▸ **Exercise**
Using the entries below, copy exactly each line from the line with "SPECIALIST+ žingsninis grąžtas" up to and including the line with "MTG Token Beast", with every picture left out.

▸ **Data excerpts**
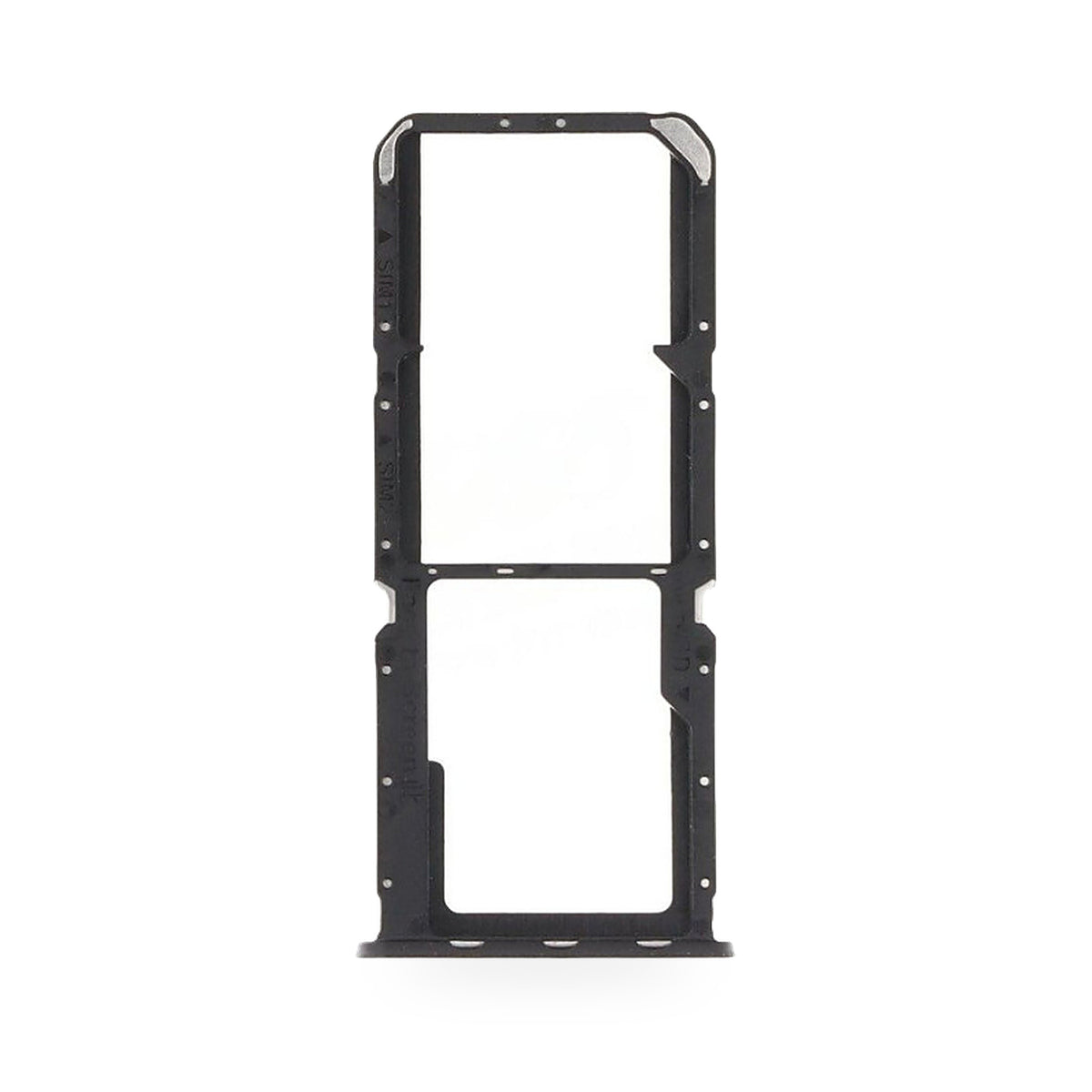 OPPO F21 Pro 5G SIM Card Tray Holder Replacement (BLACK) - new OEM standard SIM tray on white background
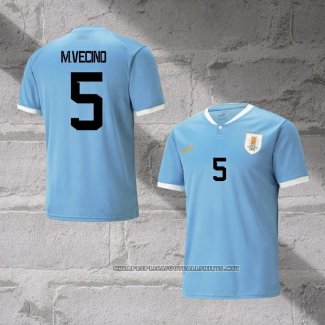 Uruguay Player M.Caceres Home Shirt 2022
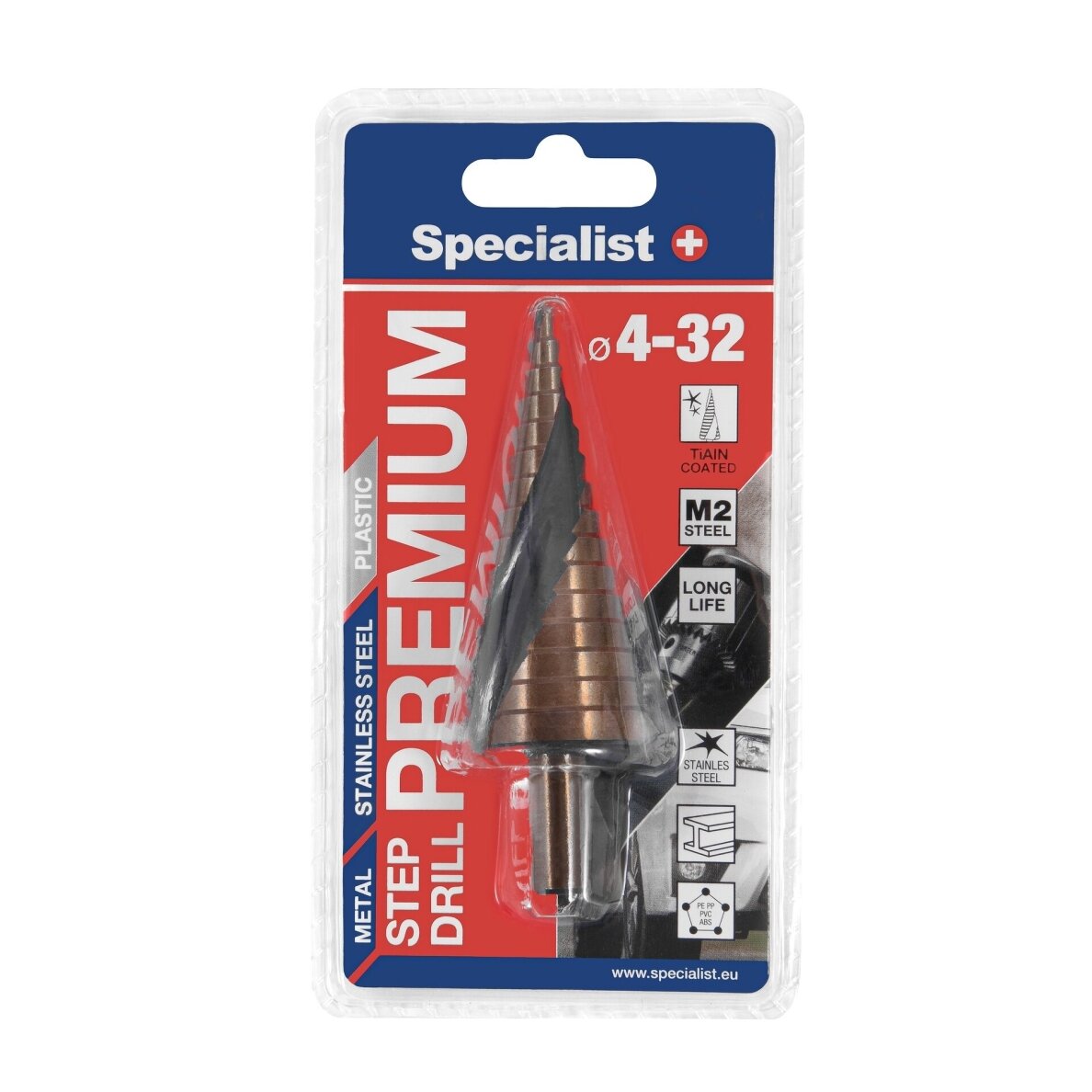 SPECIALIST+ žingsninis grąžtas PREMIUM, ⌀4-32 3
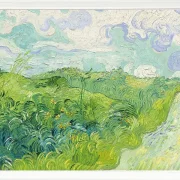 Grüne Weizenfelder, Auvers - 1890
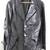 NWT Mens Large L Victorinox Swiss Army leather jacket thin shiny 1 thumbnail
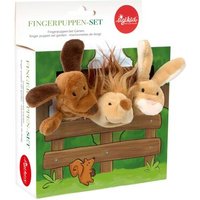 SIGIKID 43015 Fingerpuppen-Set Garten mit drei Tieren von sigikid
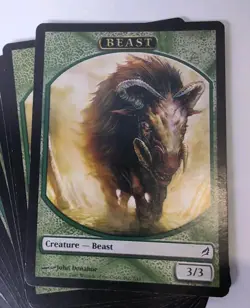 MTG Token Beast (17) Lorwyn English Magic The Gathering X 17 - Image 1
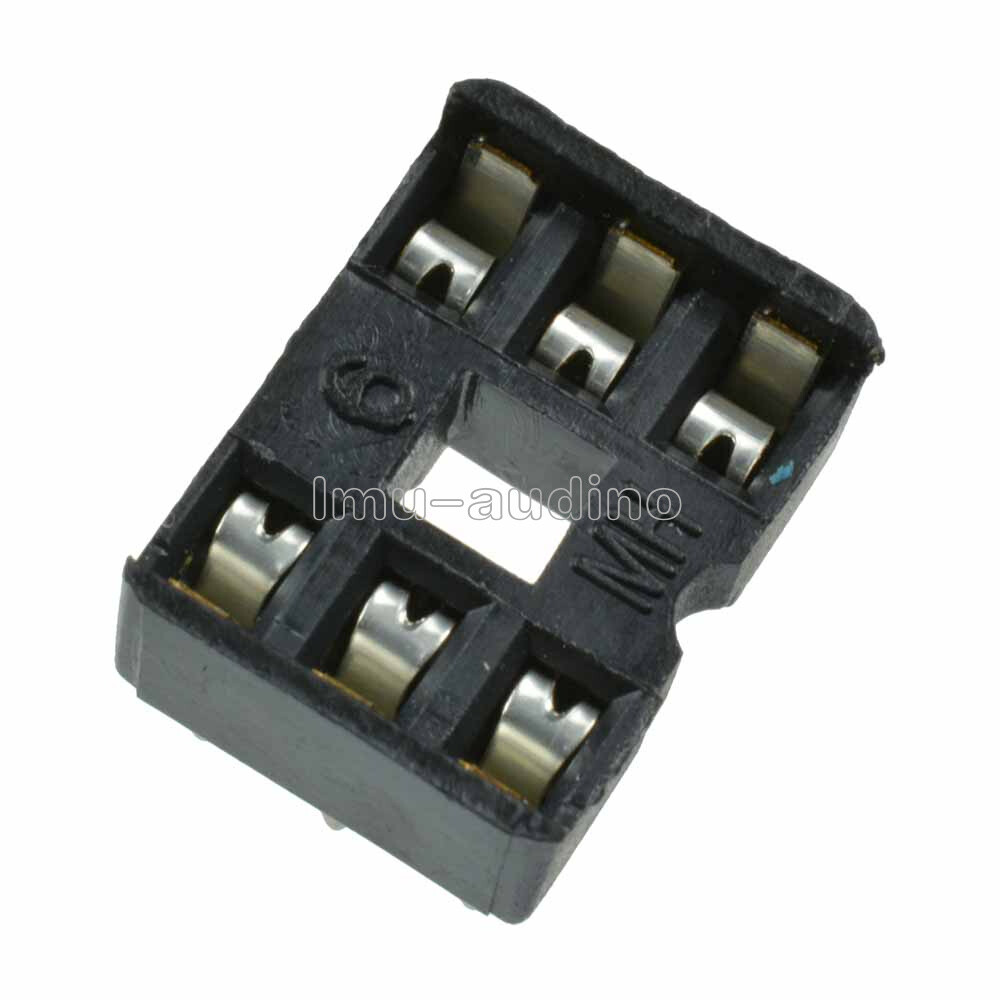 20PCS DIY IC Socket Adaptor PCB Solder Type DIP Socket 6p 6 pin 6-pin NEW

▸ **Finished exercise**
 SPECIALIST+ žingsninis grąžtas PREMIUM, ⌀4-32 3
 Grüne Weizenfelder, Auvers - 1890
 NWT Mens Large L Victorinox Swiss Army leather jacket thin shiny 1 thumbnail
 SIGIKID 43015 Fingerpuppen-Set Garten mit drei Tieren von sigikid
 MTG Token Beast (17) Lorwyn English Magic The Gathering X 17 - Image 1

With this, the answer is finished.